» Problem
Where the entries below show "Green Acne Stick средство для очистки пор", begin there and print that line and all following lines exactly, through the last, omitting pictures.

━━━

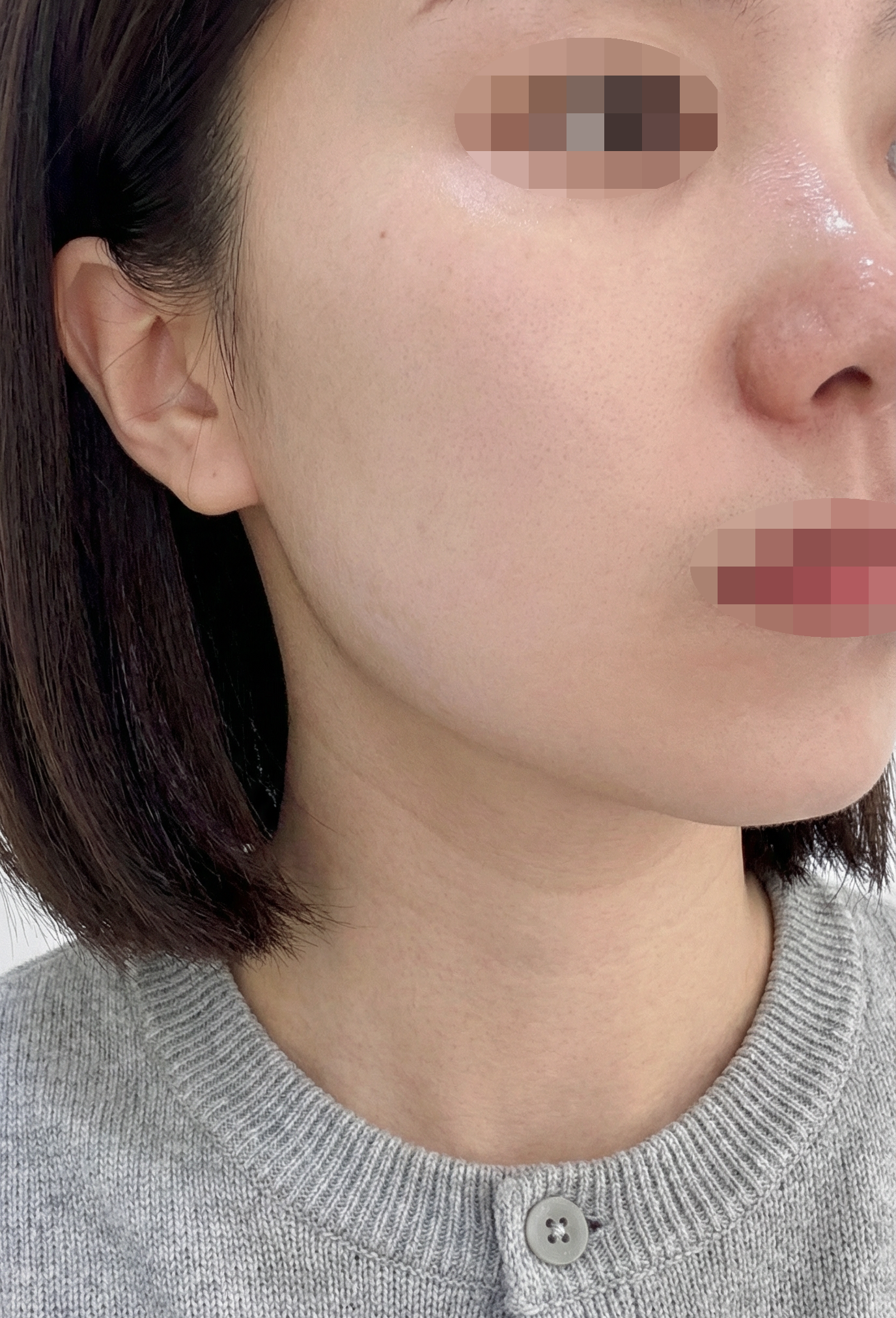 수술후기이미지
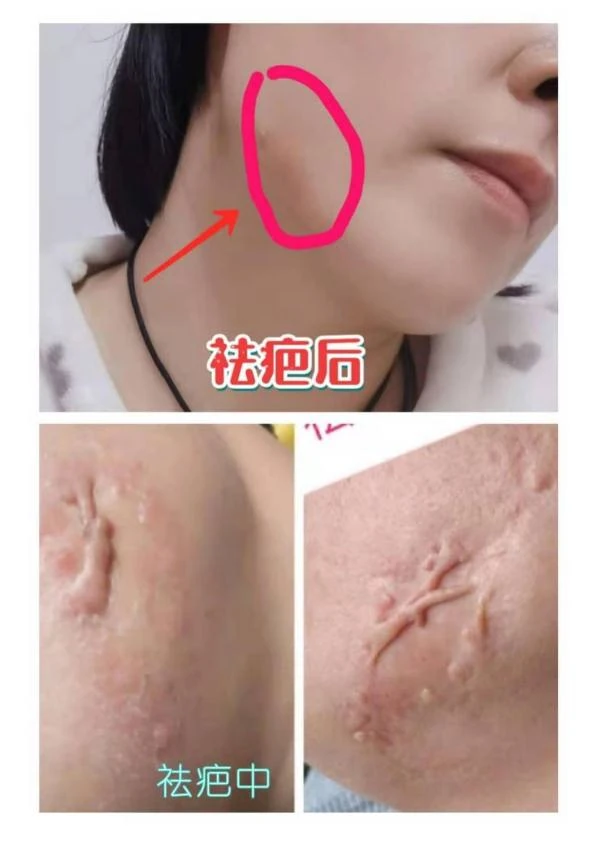 颈部增生疤痕改善记录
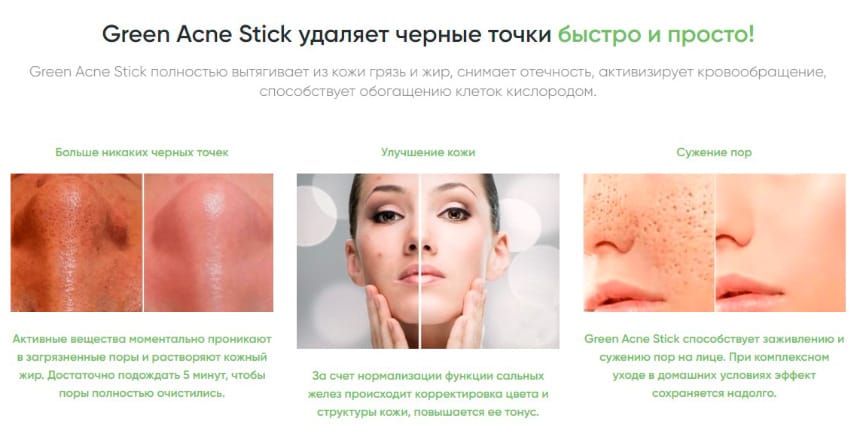 Green Acne Stick средство для очистки пор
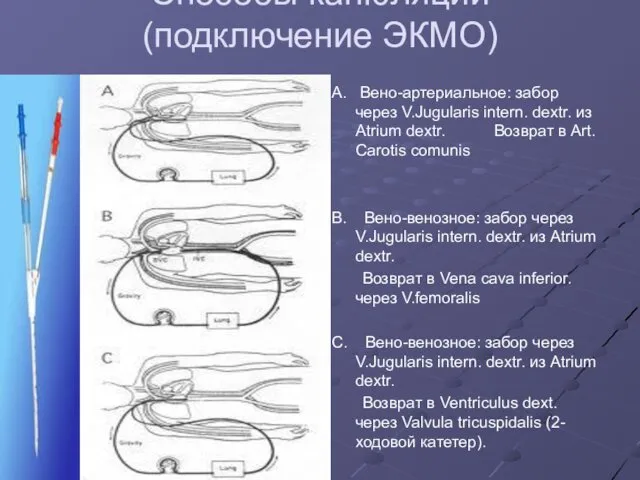 Способы канюляции (подключение ЭКМО) А. Вено-артериальное: забор через V.Jugularis intern.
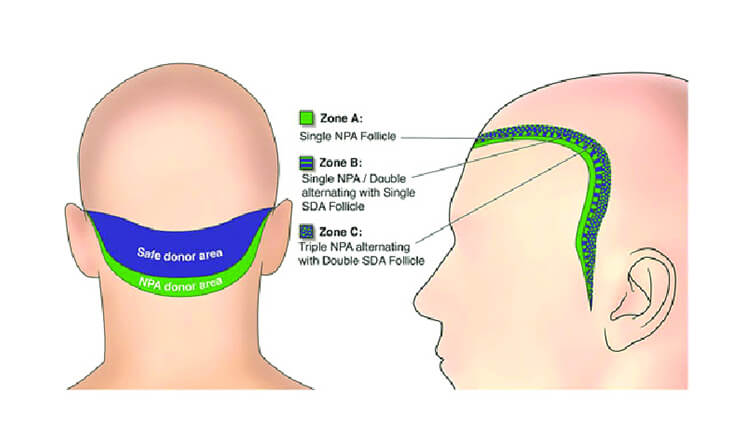 Hair Transplant with Less Donor Area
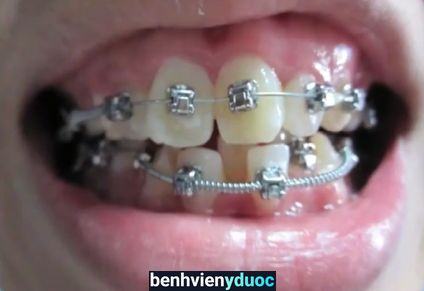 Nha Khoa HD- Niềng răng chuyên sâu, răng sứ thẩm mỹ Vinh Nghệ An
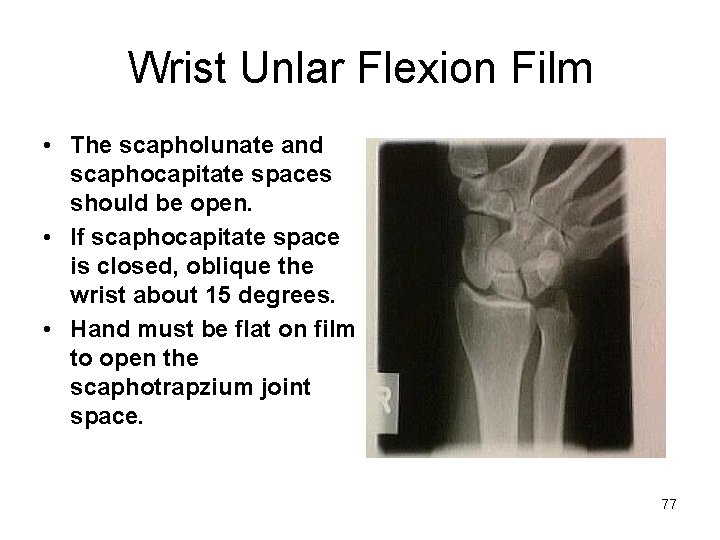 Wrist Unlar Flexion Film • The scapholunate and scaphocapitate spaces should be open. •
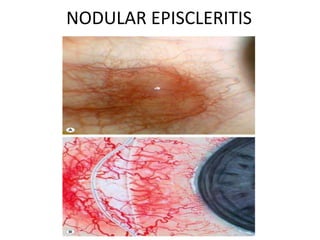 NODULAR EPISCLERITIS
 
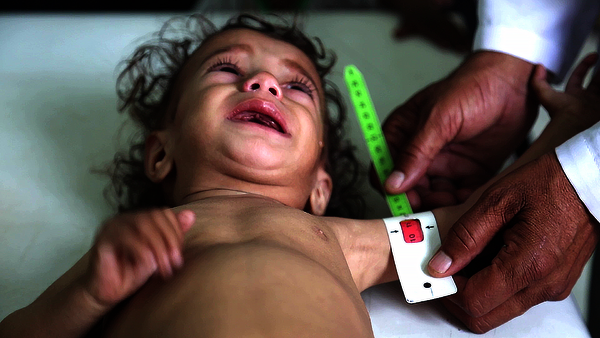 Yemen -malnutrición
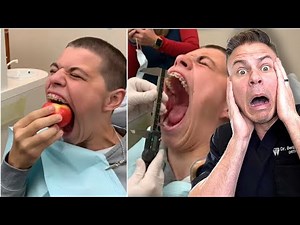 How Is It Possible To Open Your Mouth This WIDE!?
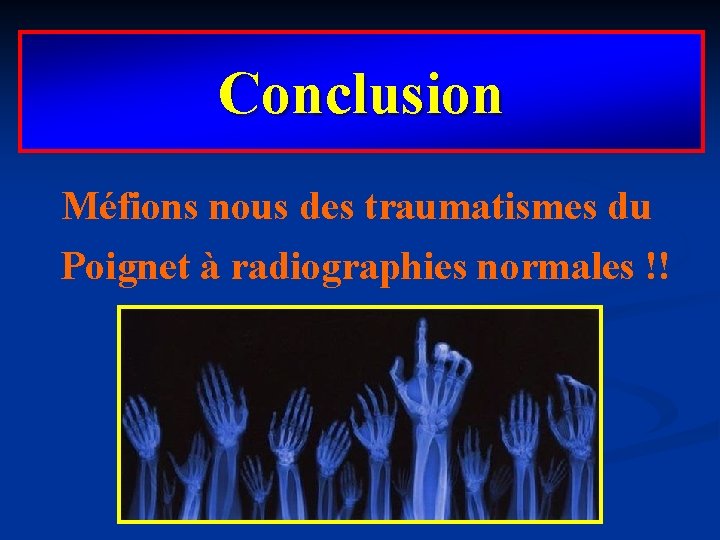 Conclusion Méfions nous des traumatismes du Poignet à radiographies normales !! 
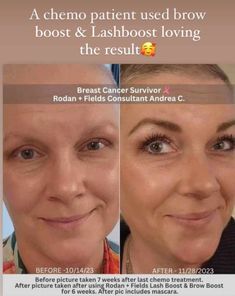 Rodan Fields Lash Boost, Rodan And Fields Consultant, Lash Boost, Rodan And Fields, Lashes, Make Up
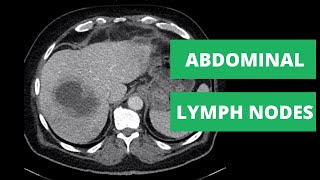 Abdominal CT Lymph Node Stations  How to read a CT [upl. by Nicolea]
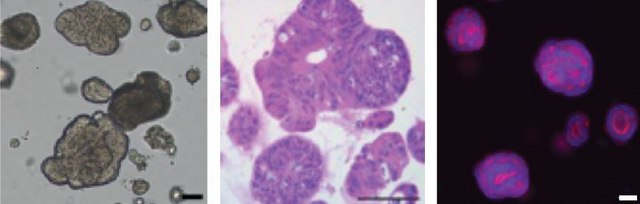 3dGRO&#174; Human CRC Organoids (ISO34)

━━━

» Result for this exercise
 Green Acne Stick средство для очистки пор
 Способы канюляции (подключение ЭКМО) А. Вено-артериальное: забор через V.Jugularis intern.
 Hair Transplant with Less Donor Area
 Nha Khoa HD- Niềng răng chuyên sâu, răng sứ thẩm mỹ Vinh Nghệ An
 Wrist Unlar Flexion Film • The scapholunate and scaphocapitate spaces should be open. •
 NODULAR EPISCLERITIS
 
 Yemen -malnutrición
 How Is It Possible To Open Your Mouth This WIDE!?
 Conclusion Méfions nous des traumatismes du Poignet à radiographies normales !! 
 Rodan Fields Lash Boost, Rodan And Fields Consultant, Lash Boost, Rodan And Fields, Lashes, Make Up
 Abdominal CT Lymph Node Stations  How to read a CT [upl. by Nicolea]
 3dGRO&#174; Human CRC Organoids (ISO34)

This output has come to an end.